The analysis of microparticles after 6 months of degradation using electron microscopy revealed that the Sculptra and Gana V samples based on poly(L-lactic acid) maintained their shape and size, while the morphology of AestheFill and Repart PLA fillers changed significantly (Figure 12). After 6 months, the AestheFill microparticles formed a continuous polymeric layer with pores and some spherical particles with a size of less than 5 μm (Figure 12a). The smooth spherical particles of the Repart PLA sample after 6 months of degradation shrank, and pores were formed on the surface and in bulk. This observation suggests the leaching of degradation products from the particle volume through the pores (Figure 12b,c).
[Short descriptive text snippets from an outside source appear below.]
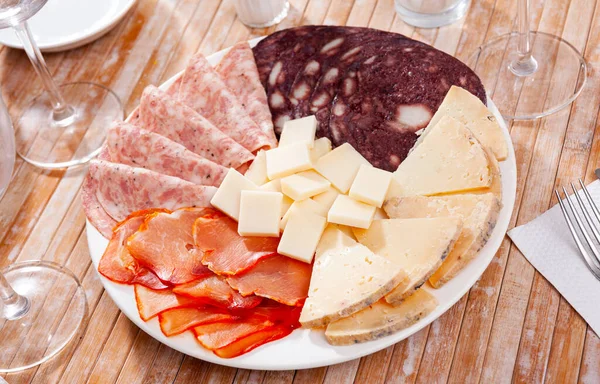 Köstliche Fleischplatte Scheiben Geschnittene Trocken Gepökelte Schweinelende Salami Blutwurst Und — Stockfoto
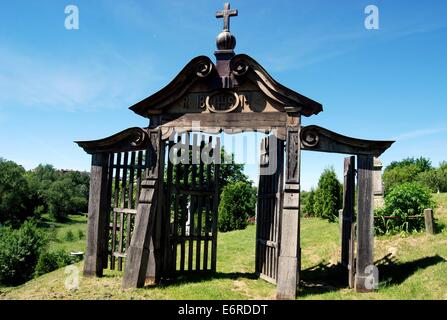 LUBLIN, Polen: 1814 hölzerne Friedhofstor an das regionale Ethnographische Freilichtmuseum Skansen genannt Stockfoto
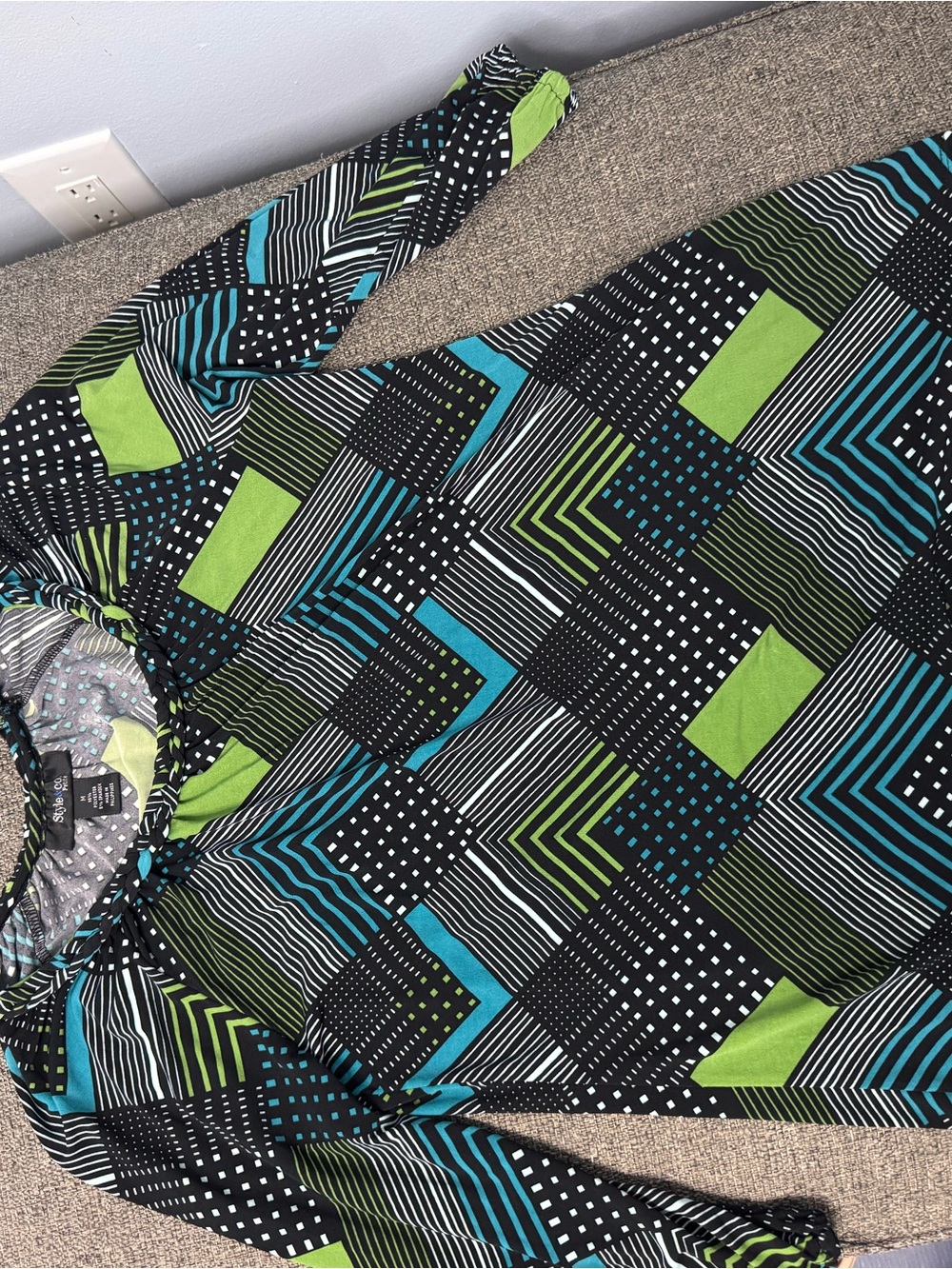 Style & Co. Black, Green and Teal Geometric Long Sleeve Dress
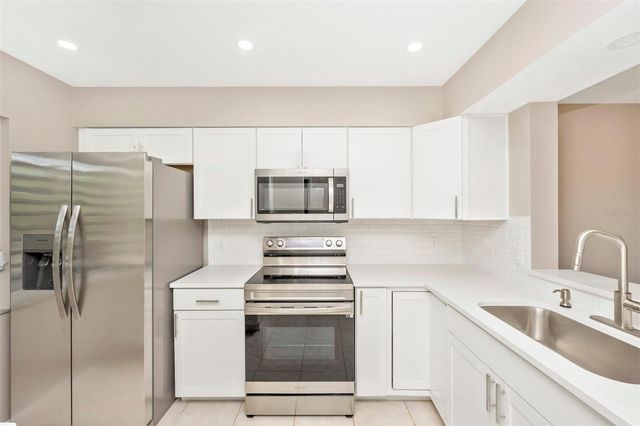 5178 LAKE VILLAGE DRIVE 86, Sarasota, FL 34235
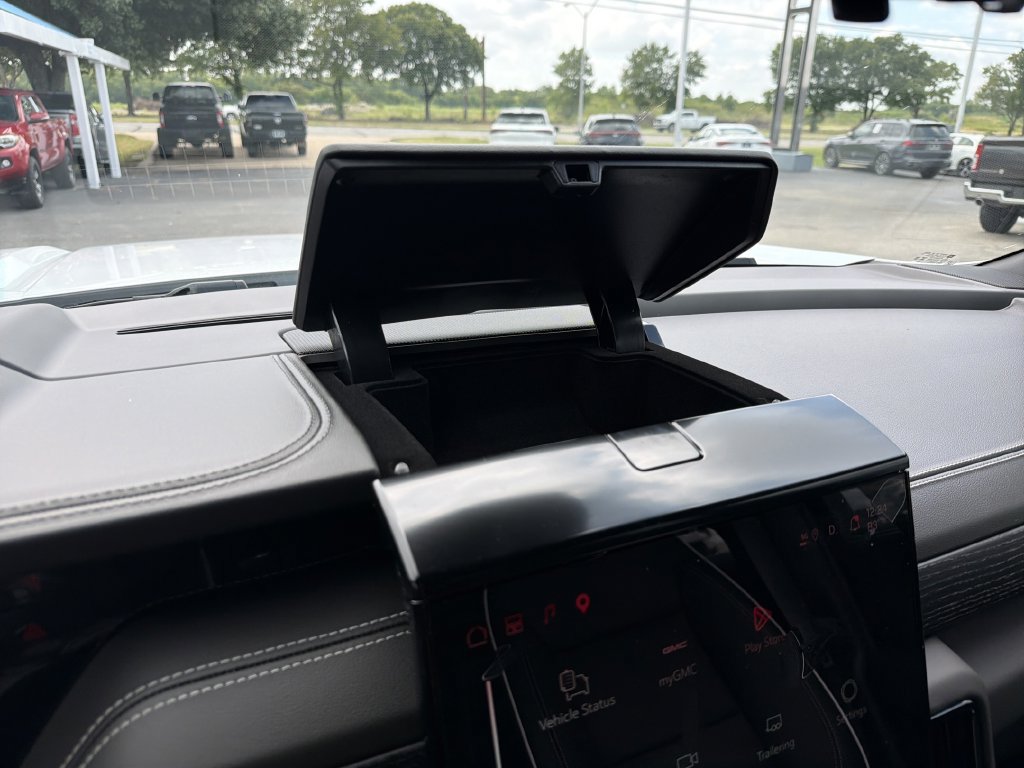 New 2026 GMC Yukon AT4 Ultimate w/ LPO, Floor Liner Package AWD/4WD image 33
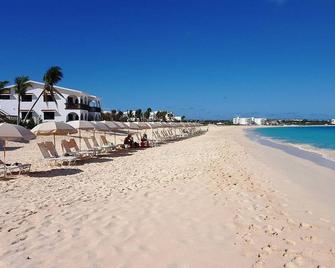 Steps Away from the Beach! Enjoy Scenic Sunset Right on Your Own Private Patio - Long Bay Village - Playa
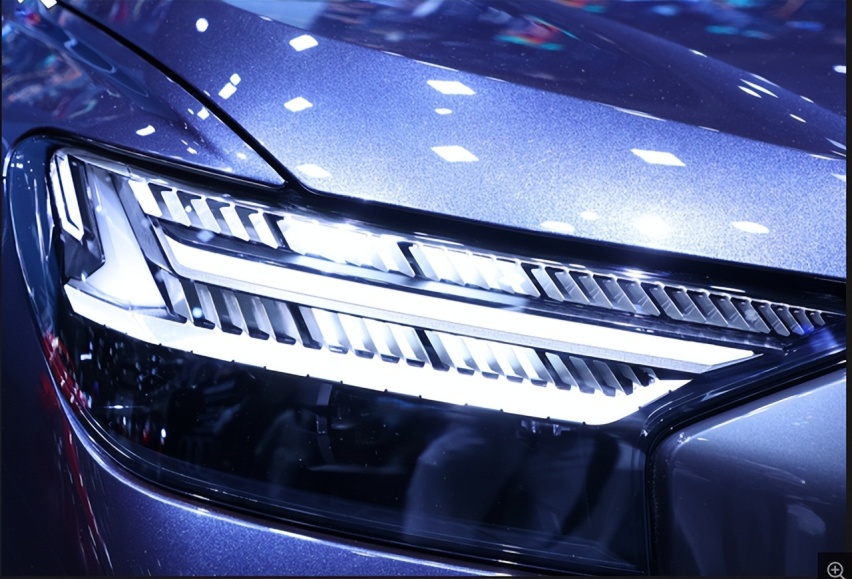 奥迪Q4 e-tron，不加油续航605公里，造型高级，不到30万起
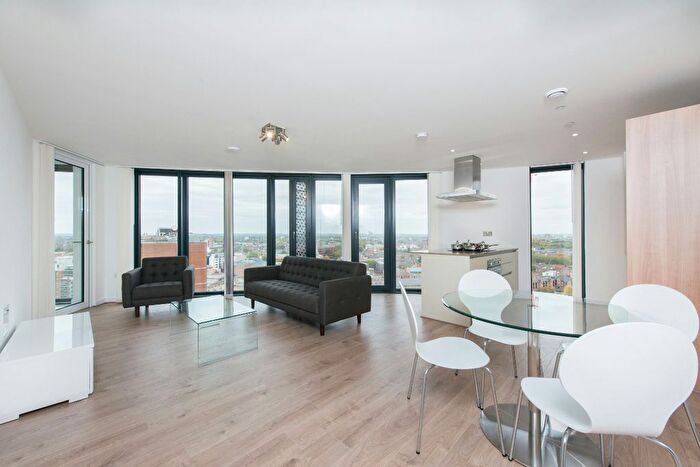 2 Bedroom Flat To Rent In Station Street, Stratford, London, E15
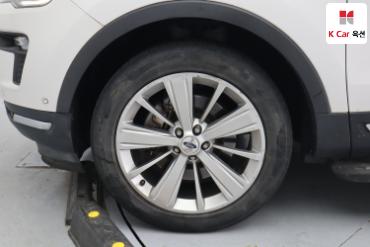 2018 - ford explorer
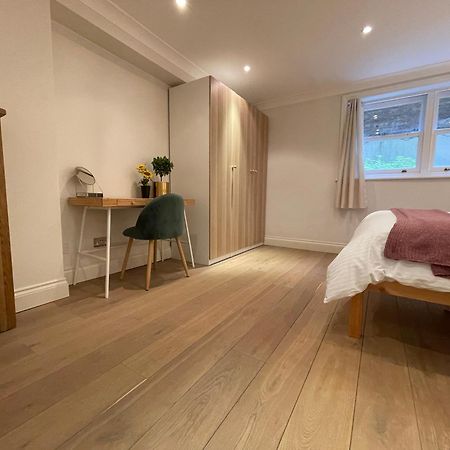 5 Bed House - Fancy - Sleep Up To 12 - Central London Exterior photo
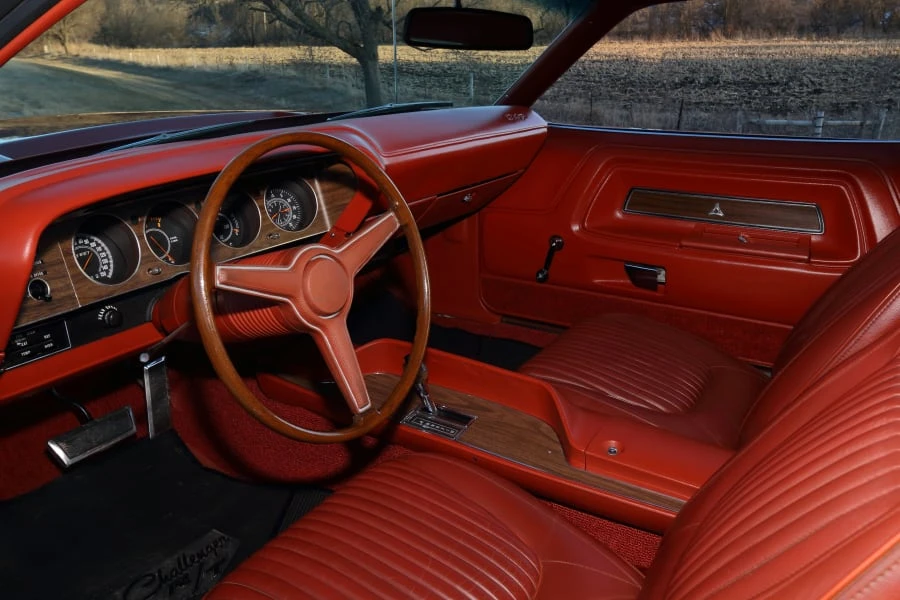 1970 Dodge Challenger Hemi 1st Gen - Image 4 of 12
The hydrolytic degradation studies of microparticles revealed that, despite all the manufacturers claim an almost similar degradation period of around 2 years, the AestheFill and Repart PLA consisting of poly(D,L-lactic acid) demonstrated a much faster hydrolysis, with the period of total hydrolytic degradation estimated as 10–12 months. The process was accompanied by changes in the morphology of microspheres. Poly(L-lactic acid)-based fillers Sculptra and Gana V degraded slower with no changes in morphology after 9 months and a decrease in molecular weight to 25–30 kDa. The projected period for a complete resorption of these microparticles can be close to 2 years, as claimed in the manual. It is worth noting that the in vivo degradation profile can be affected by the presence of enzymes and other factors.

4. Conclusions

A comprehensive study was conducted on the physicochemical characteristics of polylactic acid microspheres in commercially available fillers from different manufacturers. It was found that in Sculptra and Gana V fillers, the microspheres consist of semi-crystalline poly(L-lactic acid) and exhibit different morphologies with average sizes of 52 μm and 42 μm, respectively. The microspheres in Repart PLA and AestheFill consist of amorphous poly(D,L-lactic acid) and have the same average diameter of 28 μm. However, Repart PLA microspheres are smooth and spherical with no visible pores, while AestheFill microspheres are spherical, have a large surface area, and exhibit high porosity. The differences in physicochemical characteristics of the microspheres are reflected in the kinetics of hydrolytic degradation at 37 °C. The degradation rate increases in the following order: Sculptra, Gana V, AestheFill, Repart PLA. After 9 months, microspheres based on amorphous poly(D,L-lactic acid) in AestheFill and Repart PLA fillers have almost completely degraded, while for Sculptra and Gana V samples based on poly(L-lactic acid), the reduction in molecular weight over the same period was 62% and 78%, respectively.

The results of the present research in combination with further biological studies may pave the way for understanding the effect of these characteristics on tissue response and the synthesis of de novo collagen, as well as the development of new-generation dermal fillers with improved safety and efficacy.